NOTABLE VOTES: Drummer-about-town Papi Fimbres, Futro Collective's Danny Diana-Peebles, Holocene booker Gina Altamura.
It's almost as if Vaughn Kimmons and Andre Burgos were fated to make music together.
"Shortly after we started hanging out, I found out she had a music project called Brown Alice," Burgos says of Kimmons. "I was making stuff under the name Brown Calvin at the time, so we were like, 'We need to do something together.'"
Though they've been a band for only a little over a year, the creative chemistry between the members of Brown Calculus indeed seems like divine kismet. The duo's brand of R&B is part spiritual jazz meditation, part self-affirmation, with Burgos' spacy, keyboard-driven beats pairing perfectly with Kimmons' powerful voice and uplifting lyrics.

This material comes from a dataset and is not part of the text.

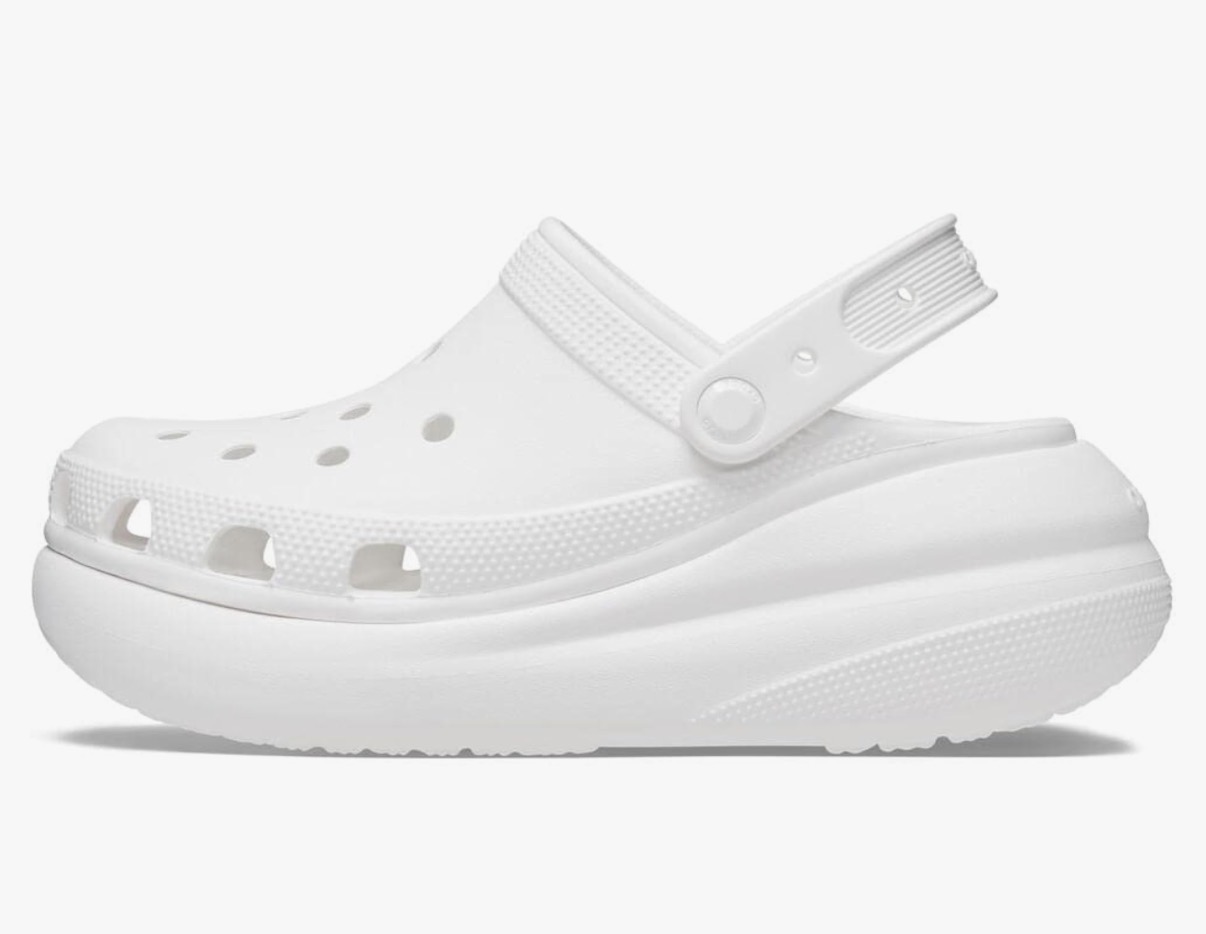 classic crush clog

Burgos and Kimmons first met at a concert a few years ago. Kimmons was playing in Brazilian pop outfit POPgoji at the time, having recently moved to Portland from Chicago. Burgos, who hails from Philadelphia, had been here since 2009.

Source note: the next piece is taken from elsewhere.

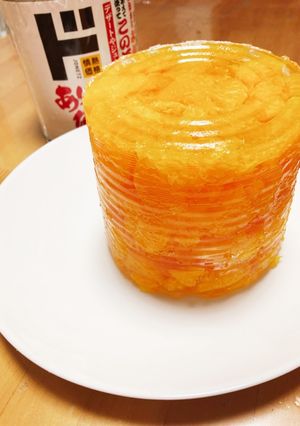 缶詰めゼリー-レシピのメイン写真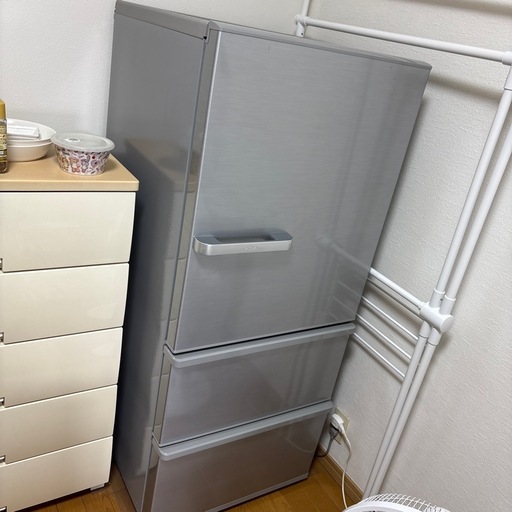 3ドア冷蔵庫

"I played some tracks for him. I don't think he paid attention to the fact that it was me," Kimmons says. "He was like, 'Who is this? It sounds like a real singer!' And I was like, 'It's me.'"
After Kimmons joined another Burgos project, the hip-hop group Tribe Mars, the two finally got together for a separate collaboration. They listened to beats together, and Kimmons immediately homed in on Burgos' weirdest track.
"I remember she came back the next day and sang her parts over it," Burgos says. "It finally felt like my music was complete."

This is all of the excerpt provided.